Londres (enviado especial)

El final de la tarde tiene tres partes que pasan en un segundo. Silencio sobrecogedor. Lágrimas inspiradoras. Aplausos atronadores. La pista central se ha vuelto loca porque Roger Federer acaba de ganar 6-3, 6-1 y 6-4 a Marin Cilic para quedarse la historia en solitario, entera para él. El suizo tiene desde hoy ocho títulos en Wimbledon, más que nadie (desempata con los siete de William Renshaw y Pete Sampras). Suma 19 torneos del Grand Slam, a una distancia considerable de los 15 de Rafael Nadal. La victoria, que desde mañana lunes le devuelve al número tres del mundo, blinda su condición de mejor tenista de siempre, y eso no es todo. Cerca de los 36 años, y tras levantar un palmarés de ensueño, Federer está jugando mejor que en toda su vida: cuidado, la de Wimbledon no es la última palabra del genio. [Narración y estadísticas]

“Es muy especial”, dice luego el suizo, que gana el trofeo sin ceder un set. “Wimbledon fue desde pequeño mi torneo favorito y lo será siempre. Mis héroes pisaron estas pistas y por ellos me convertí en un tenista mejor”, sigue, ya convertido en el jugador de mayor edad en celebrar el triunfo en la catedral en la Era Abierta (desde 1968). “Así que hacer historia aquí significa mucho para mí por todo eso. Ha sido un camino largo y emocionante. Ha habido momentos difíciles, pero es como se suponía que sería”, continúa. “Cuando era pequeño soñaba a lo grande. Veía posibles ciertas cosas que quizás otros las imaginaban inalcanzables. Eso me ayudó”, desvela. “Y tengo una gente maravillosa e increíble a mi alrededor. Mi mujer, mis padres… siempre me ayudaron y hacen que siga siendo la persona que soy ahora mismo”.

En el inicio, Cilic destroza la pelota desde las dos alas de la pista. El croata se procura la primera bola de break de la final (2-1) y sueña con hacer lo que parece imposible, que es vencer a Federer en una final de Wimbledon a la que llega lanzado. La respuesta del suizo a la desmedida agresividad de su contrario es sencillamente magistral: anular la pelota de rotura, ganar su saque, romperle a Cilic el suyo en blanco (3-2) y hacer que la final se termine de un plumazo, con magia construida a muñecazos.
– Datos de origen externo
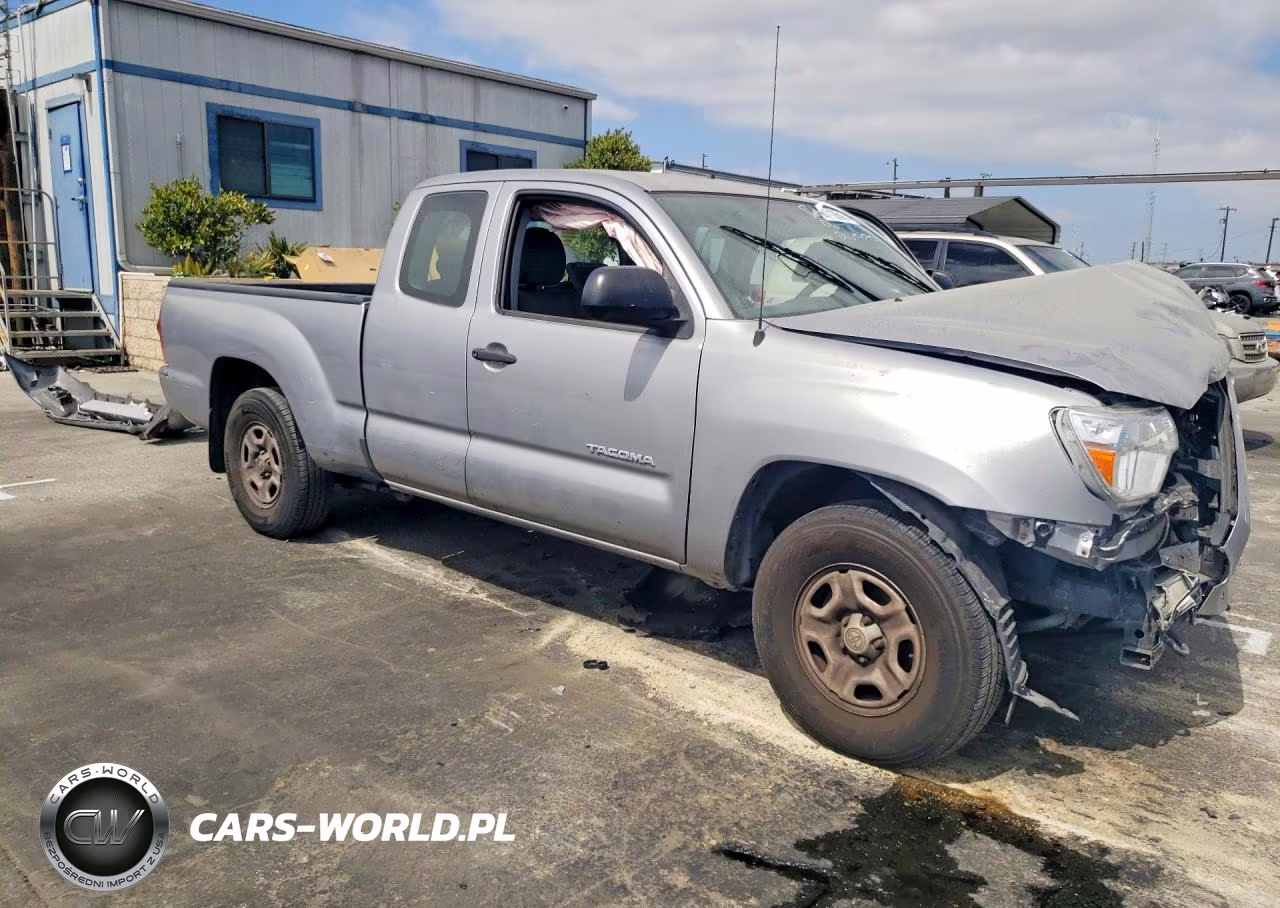 2015 Toyota Tacoma VIN:5TFTX4CN8FX055268 - 4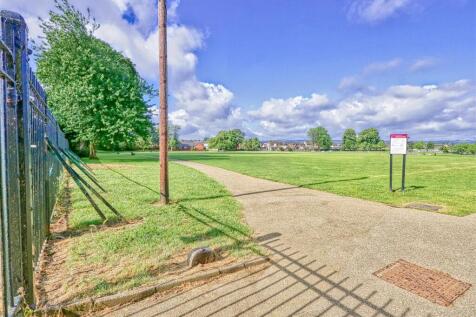 eastwood park - hasland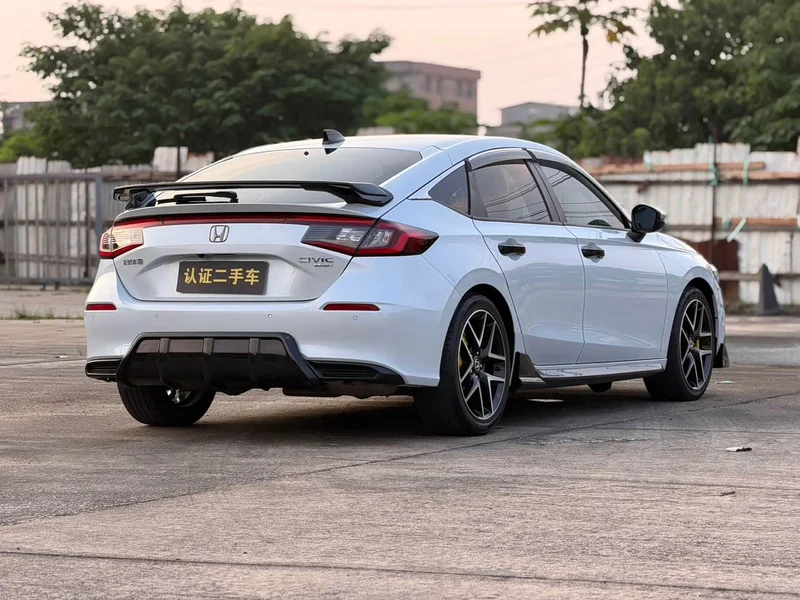 Honda Civic — фото 20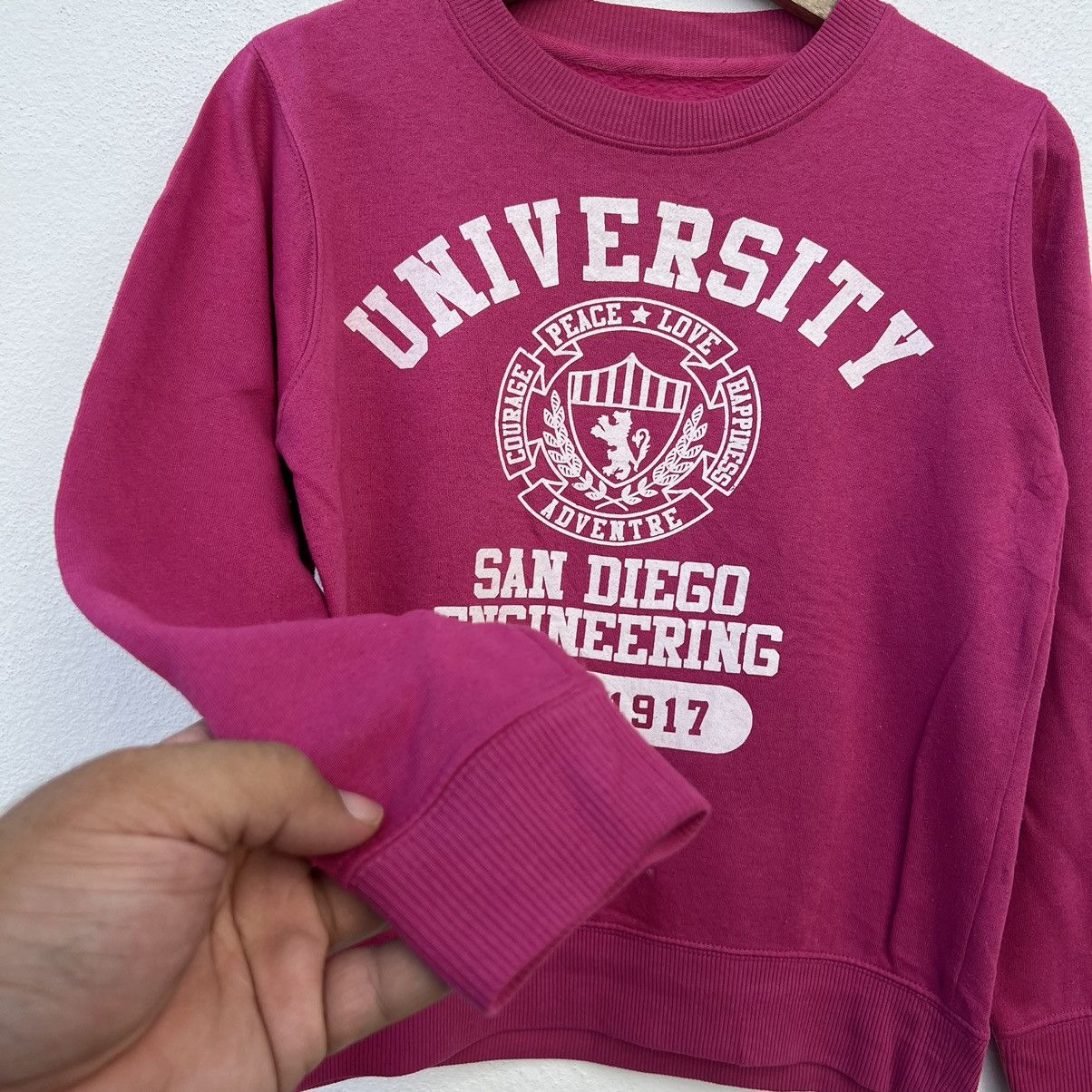 Japanese Brand UNIVERSITY SAN DIEGO ENGINEERING BIG LOGO SWEATSHIRT Size US S / EU 44-46 / 1 - 6 Thumbnail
El gigante, hasta ese momento una piedra, se desmorona de golpe. Tras encajar un 8-1 de parcial, ya con la primera manga en manos de su contrario y la segunda por ese mismo camino (6-3 y 3-0), Cilic rompe a llorar sentando en la silla. Algo le pasa al croata, que llama al fisioterapeuta porque le duele el pie (una enorme ampolla que condiciona sus movimientos), aunque también un poco el alma, tan dura está siendo la final, tan complicada la gestión de las emociones, tan amarga la impotencia de verse incapaz de competir de tú a tú. Resucitado por la grada, que quiere partido, algo de lucha, el número seis se decide a intentarlo con lo poco que le queda. 

A Federer no le distrae nada de lo que le ocurre a su contrario. Aunque la exigencia del encuentro es inferior a la de otros días, el suizo nunca le pierde la cara al triunfo y hace lo que mejor sabe: robarle tiempo a su rival atacando, lanzándose a por la bola en trayectoria ascendente, que es como dicen los libros que se debe golpear, y finalizando sus jugadas en la red, el territorio donde prevalecen los valientes. 

La tímida resistencia de Cilic solo sirve para prolongar lo inevitable: una victoria de Federer en Wimbledon cinco años después (2012) de la última. Esta, claro, es diferente a todas las demás. Si el genio suizo se ha distinguido históricamente por ganar haciendo arte, por emocionar a todos con una raqueta en la mano, ahora ha ido un paso más allá al romper la barrera de los mortales y desde la grada lo ven sus cuatro hijos sonriendo a coro. Federer no es de este mundo.